# Given material
---------------
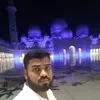 MOHAMED RIYAZM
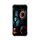 uleFone Power Armor 16S 8/128GB 9600mAh czarny - 1242033 - zdjęcie 3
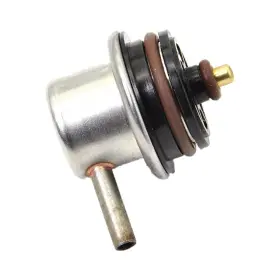 12928980 Aftermarket Fuel Pressure Regulator For 2001-2005 Silverado 1500 2500 Hd Monte Carlo Impala 12928980 Aftermarket Fuel Pressure Regulator For 2001-2005 Silverado 1500 2500 Hd Monte Carlo Impala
---------------
# What to do
A word-for-word repeat of the lines from the line with "uleFone Power Armor" to the last line of the data, both ends included and pictures left out, is all that should appear.

# Response
 uleFone Power Armor 16S 8/128GB 9600mAh czarny - 1242033 - zdjęcie 3
 12928980 Aftermarket Fuel Pressure Regulator For 2001-2005 Silverado 1500 2500 Hd Monte Carlo Impala 12928980 Aftermarket Fuel Pressure Regulator For 2001-2005 Silverado 1500 2500 Hd Monte Carlo Impala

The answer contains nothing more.